A new medium is not necessarily a better medium. As a medium or technology becomes more complex, McLuhan’s observation that “the medium is the message” becomes truer. Love and empathy disappear within the complexity. We need to be careful that the increasingly complex media we adopt don’t cause this we that’s being delivered to become we-the-machine.

Painting most likely persists as a medium because of its infinite suppleness. It always bends to the force of the person who paints and makes it impossible for that person to hide. Anything that is good about them is plain to see. It’s almost as simple and obvious as singing or dancing. Less machine means less machine. It’s for those who love a person.

Hummel Figurine, 2011, oil on canvas, 56 x 57 in., private collection

Hummel Figurine, 2011, oil on canvas, 56 x 57 in., private collection

We can’t talk about art without talking about content (or substance). The word content is an acceptable word to stand for what matters in art. Whenever something gets formed (by humans or otherwise) all the causes, the obvious and the mysterious, of its being formed are contained within it. Content might be a word that denotes the limits of our understanding of what is there in the form, the limits of our ability to read it, to perceive it, as in, content is what I see, or content is what I know. Content might also be a word to denote all that is contained in form, independent of our ability to perceive it. When we form something we could define content as what we meant by forming it, or we could define content as what we are, as the force that determines the form. We don’t know what we are. We say intellectual content without knowing exactly what a thought is, what consciousness is.

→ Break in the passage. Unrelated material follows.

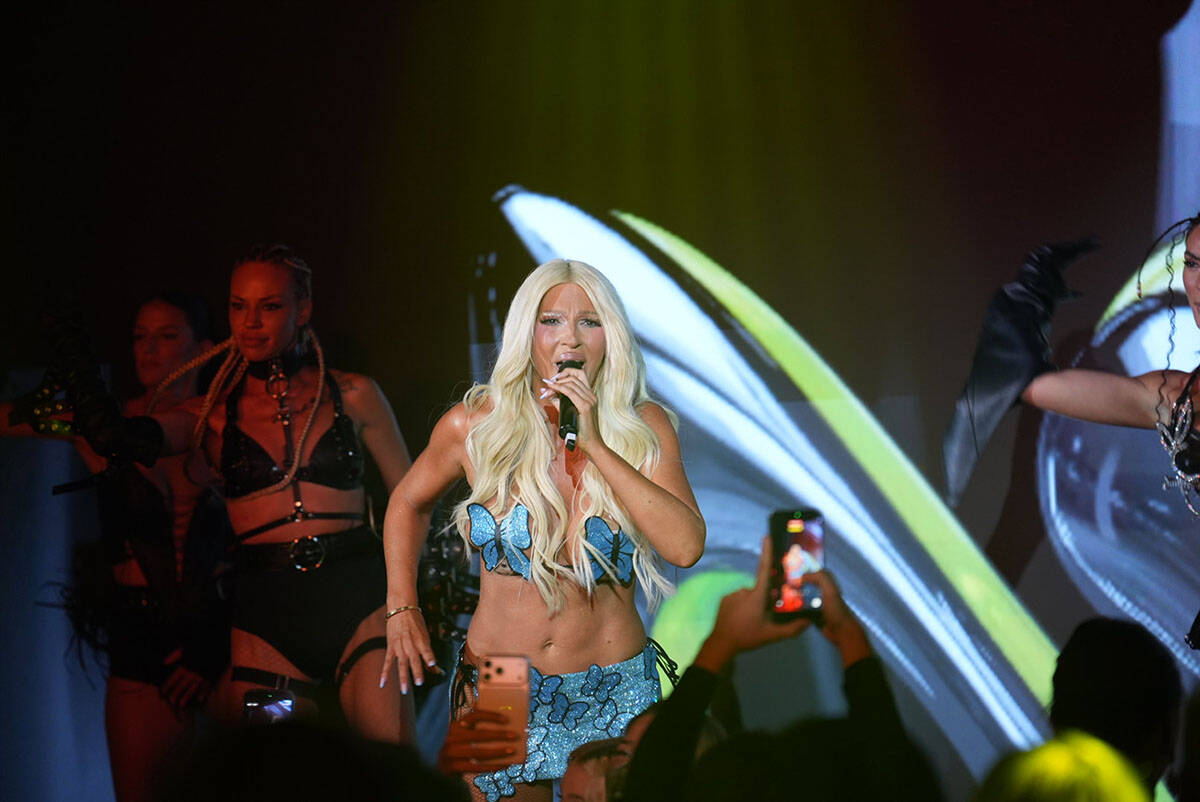 Jelena Karleuša  (3).jpg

If it’s true that the universe is in a grain of sand, that the content of a grain of sand is the universe, what then distinguishes a beautiful man-made form from a plain or ugly one, or nature from art? If content is what matters, what is the content in Bach’s form that distinguishes it from all other form in his time or before or since? What constitutes its value to us, if all sound, every sound, any sound holds truth in it? I would say that art is a human affair. A communion occurs. The origins of Bach’s music are mysterious. Bach willingly collects us within this mystery. It’s a kindness, a generosity on his part. When the sun shines, or the rain falls, or the volcano erupts, we can’t be sure it’s a kindness. A grain of sand isn’t kind.

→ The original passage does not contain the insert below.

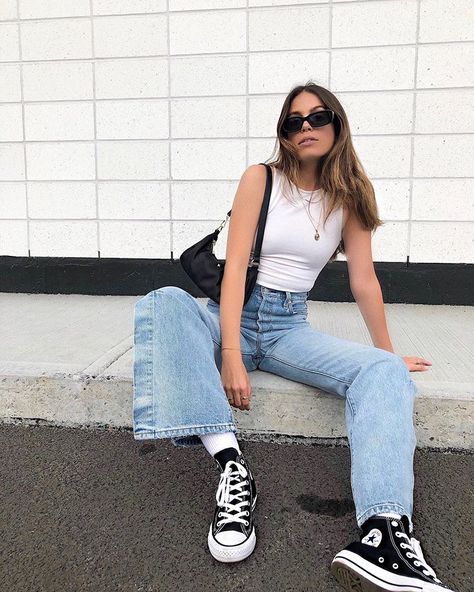 Samantha Miles (@samanthamilesnyc) • la cali california cool girl style converse summer skater fashion lifestyle Converse Summer, High Top Converse Outfits, Skater Fashion, Aesthetic Wardrobe, Black High Top Converse, Basic Girl, Style Converse, Cool Girl Style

We seek knowledge. We seem to be offered it but beauty takes it away again. We are stripped of the urge to be assertive. Maybe the beautiful thing about beauty is that no one knows how to do it, that no one ever has or ever will. We only know little pieces of a puzzle that keeps expanding in unimaginable dimensions beyond our potential and when we look again at that piece of the puzzle we thought we knew, that we so carefully and assuredly put in its place, it’s no longer what we knew it to be. I don’t know why Bach is so good. I don’t know how he so consistently avoids failing when it’s so easy to fail. I borrowed a Maria Callas CD from the library of her first recording when she was in her early twenties. The person who wrote the commentary for the CD ended with, “Listen to it on your knees.” It’s of crucial significance when one of us fails to fail.

There is a potential for art beyond metaphor. It would be better if people would understand that the value of art comes not from the nature of it being about something crucial and important, but from the nature of it actually being something crucial and important. Its value is not as illustration or documentation or story or metaphor, but as the embodiment of what is valuable. Imagery and symbols come naturally to painting which makes it particularly susceptible to this perceived limitation. 20th century painters abandoned the image to declare an understood kinship to music’s intrinsic abstract qualities. The same is true in modern dance and literature when they abandoned plot. There are no formal safeguards against failing to be beautiful, no formulas, but one understands the motivation.

I’m beginning to get angry at images. They seem to have an innate tyranny to mislead. When you see, when you feel with your eyes it happens in colour patches, in light and dark shapes. We respond to it in all the ways we respond to it ever since we’ve been human, by backing away, by approaching, in fear, in wonderment. But culture turns images into symbols that have meaning. The tyranny of the image is that it distractw one from realizing that the paintings aren’t symbols first, they are art first. They are embodiments of the painter, hopefully embodiments of feeling. For every painter who feels as Rembrandt feels, there are 100,000 painters whose symbols are the same as Rembrandt’s. For every painter who feels as Tom Thomson feels (in his plein-air sketches), there are 100000 painters whose symbols are the same as Thomson’s. This is the tyranny of the image.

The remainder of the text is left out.